Nacido el 23 de agosto de 1917 en la Ciudad de México, Álvarez del Toro se trasladó a Chiapas en la década de 1940. Fue ahí donde su amor por la naturaleza floreció de manera definitiva. Sin formación académica universitaria formal, pero con una curiosidad incansable y un compromiso férreo, se convirtió en un referente nacional e internacional en el estudio de la fauna tropical.
Su obra más notable no solo está en los libros —aunque escribió varios fundamentales, como Los Reptiles de Chiapas (1960), Los Mamíferos de Chiapas (1952) o Las Aves de Chiapas (1954)—, sino en su impacto directo en el terreno. Gracias a su labor como director del Zoológico Regional de Chiapas, que hoy lleva su nombre, transformó ese espacio en un verdadero santuario para especies en peligro, con un modelo de zoológico de ambiente natural que revolucionó el concepto de encierro animal en Latinoamérica. En lugar de jaulas, propuso espacios abiertos que replicaran el hábitat real, promoviendo no solo la conservación sino también la educación ambiental.
Fue también el artífice de importantes políticas públicas en favor del medio ambiente: impulsó la creación de varias áreas naturales protegidas, como el Parque Nacional Cañón del Sumidero y la Reserva de la Biósfera El Triunfo.
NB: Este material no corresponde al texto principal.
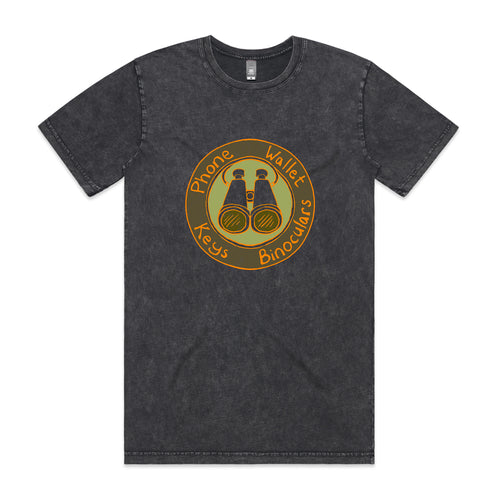 Phone Wallet Keys Binoculars Tee by Lonely Kids Club. All clothing from our T-shirts to our shorts and hoodies are ethically made, and printed packed and shipped from Sydney.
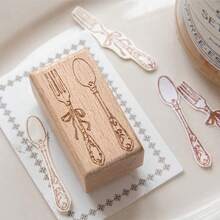 Vintage Wooden Rubber Stamps Set, Fountain Umbrella Candle Strawberry Pattern Wood Seal For Journal Scrapbooking Card Making DIY Craft Decor,Multipurpose Stamps - Multicolor - View 5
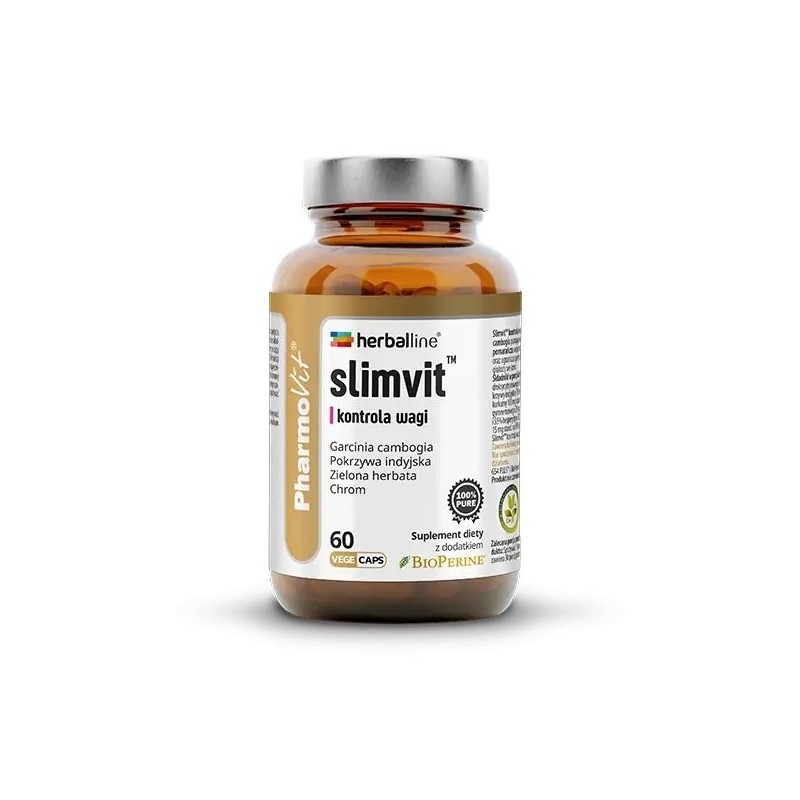 KAPSUŁKI NA KONTROLĘ WAGI (SLIMVIT) BEZGLUTENOWE 60 szt. - PHARMOVIT (HERBALLINE)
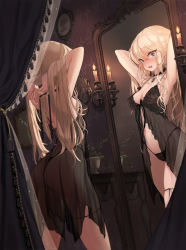 Rule 34 | + +, 1girl, armpits, arms behind head, arms up, ass, babydoll, bare shoulders, black babydoll, black choker, black nightgown, black panties, black ribbon, blonde hair, blue eyes, blush, braid, breasts, candle, candlelight, candlestand, choker, cleavage, collarbone, commentary request, cowboy shot, eyelashes, from behind, g-string, hair between eyes, hair ribbon, highleg, highleg panties, highres, indoors, jewelry, kuzel (bonolangje), lace, lace-trimmed babydoll, lace trim, large breasts, leaf, lingerie, long hair, looking at viewer, midriff, mirror, navel, necklace, negligee, nightgown, original, panties, plant, potted plant, reflection, ribbon, see-through, shoulder blades, side braid, sleepwear, solo, standing, stomach, string panties, surprised, table, tearing up, tears, teeth, thigh strap, thighs, thong, underwear, underwear only, upper teeth only, very long hair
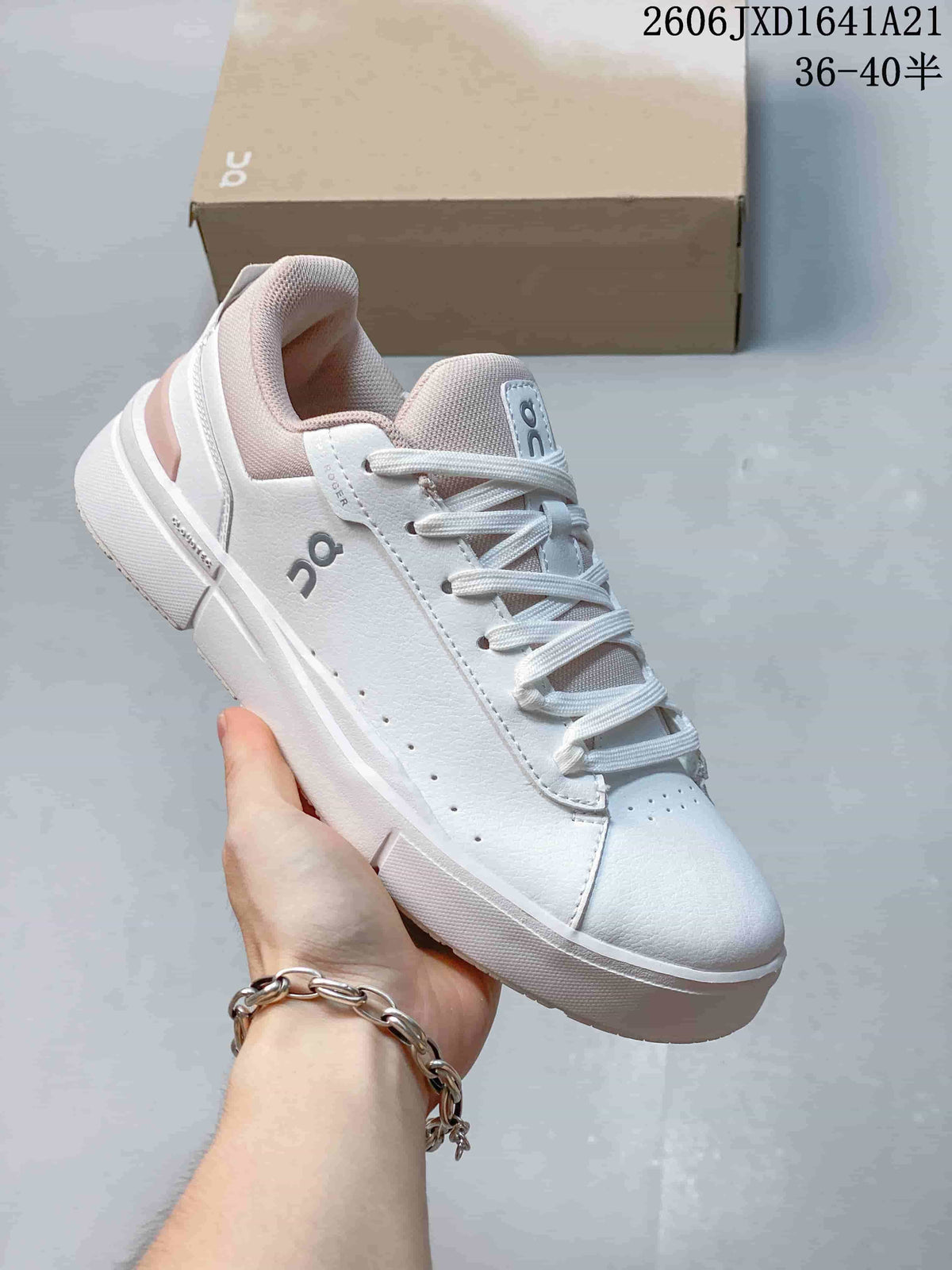 White On The Roger low-top sneaker with subtle blush-colored heel accents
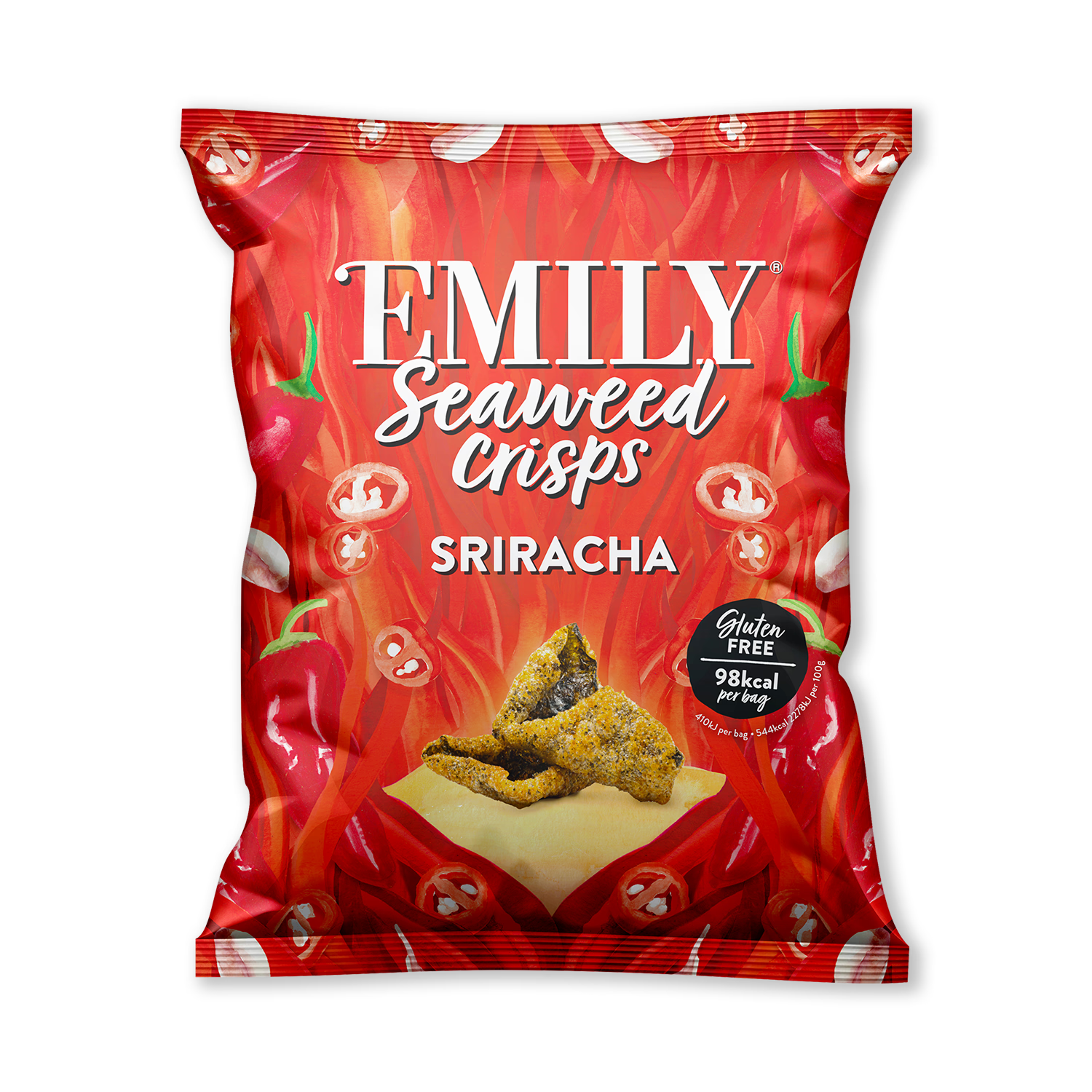 Emily sriracha seaweed crisps 18g (British brand)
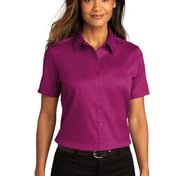 Front view of Ladies Short Sleeve SuperPro React Twill Shirt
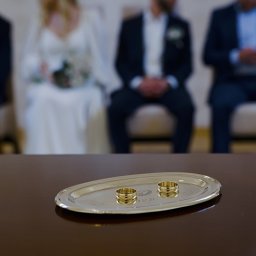 ADAM BORKOWSKI - Złote obrączki ślubne na srebrnej tacy z grawerem, na pierwszym planie, w tle rozmyta para młoda i goście podczas ceremonii.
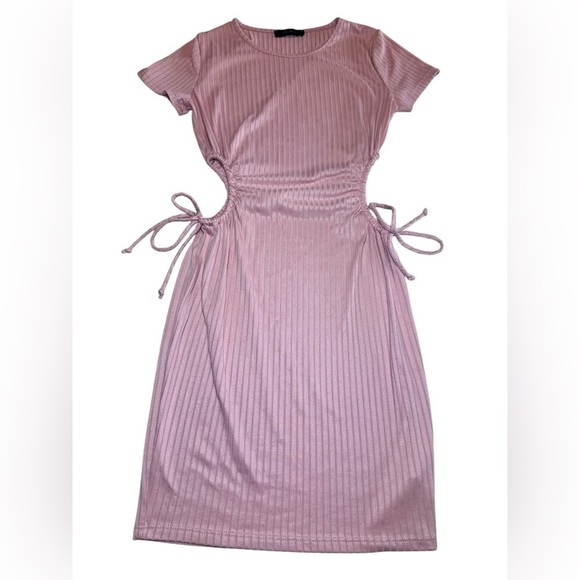 21 Saints Pink Ribbed Cut Out Dress Size Small​​​​ - Picture 5 of 6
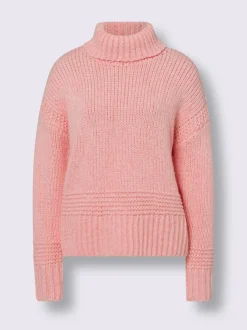 Pull à col roulé en tricot doux manches longues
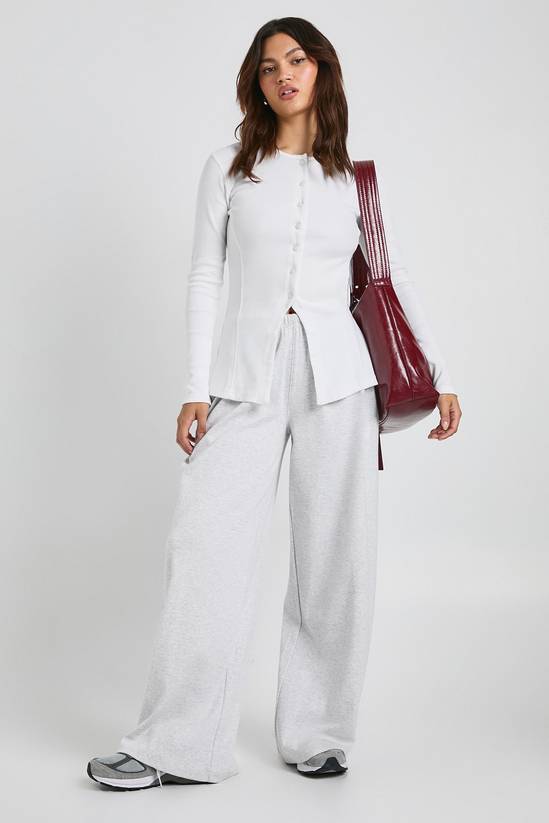 Ribbed Longline Popper Front Top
Su voz fue escuchada por gobernadores y presidentes, pero siempre con una humildad genuina y una claridad de propósito admirable: proteger lo que no puede defenderse solo.
En 1986, recibió el Premio Internacional de Conservación de la Naturaleza que otorga el Fondo Mundial para la Naturaleza (WWF), y fue miembro de la Unión Internacional para la Conservación de la Naturaleza (UICN). Sin embargo, su mayor logro fue lograr que miles de personas, locales y visitantes, aprendieran a amar la naturaleza a través de su mirada.
Miguel Álvarez del Toro falleció el 2 de agosto de 1996, pero su legado vive entre los árboles de la selva chiapaneca, en cada tucán que alza vuelo, en cada tapir que camina en libertad. Su vida es un recordatorio de que la vocación puede más que cualquier título, y que un solo ser humano, con amor y constancia, puede cambiar el destino de un ecosistema entero.